Il segmento finale è l'ampolla rettale, il canale anale e l'ano. Le cellule ghiandolari si trovano sulla mucosa di tutti i reparti. Si incuneano tra l'epitelio, assente sulle cime dei villi. In totale, fino al 9,5% della composizione cellulare della mucosa dell'intestino tenue, la concentrazione aumenta man mano che si avvicina alla sezione spessa. Differiscono dai loro vicini nella capacità di produrre muco, che è necessario per proteggere il muro dal passaggio delle feci.


Con l'accumulo di muco, le cellule all'estremità apicale si espandono e diventano a forma di calice

Dopo la secrezione nell'intestino, diventano di nuovo prismatici. La degenerazione maligna è inizialmente caratterizzata da una lenta crescita all'interno dell'intestino (crescita endofitica) o verso l'esterno (esofitica), quindi da una rapida transizione alle metastasi vascolari ai linfonodi, polmoni, fegato e altri organi più vicini.

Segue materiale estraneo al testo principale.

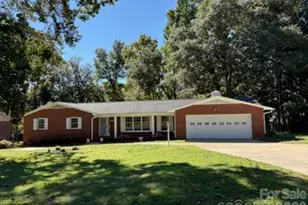 1212 Brookwood Dr, Shelby, NC 28150 - Photo 1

Il decorso più grave si osserva in giovane età. Ciò è dovuto ai cambiamenti anatomici nei vasi sanguigni negli individui dopo 40 anni: il lume è ridotto, l'attività di trasferimento delle metastasi è meno pronunciata. E fino a 30 anni, l'intestino ha una pronunciata rete vascolare e linfatica, offre un alto rischio di metastasi.

Le cause

Per considerare le cause dell'adenocarcinoma, evidenziamo la parte comune che è caratteristica di qualsiasi localizzazione delle neoplasie. E i fattori di rischio più tipici saranno considerati in casi specifici..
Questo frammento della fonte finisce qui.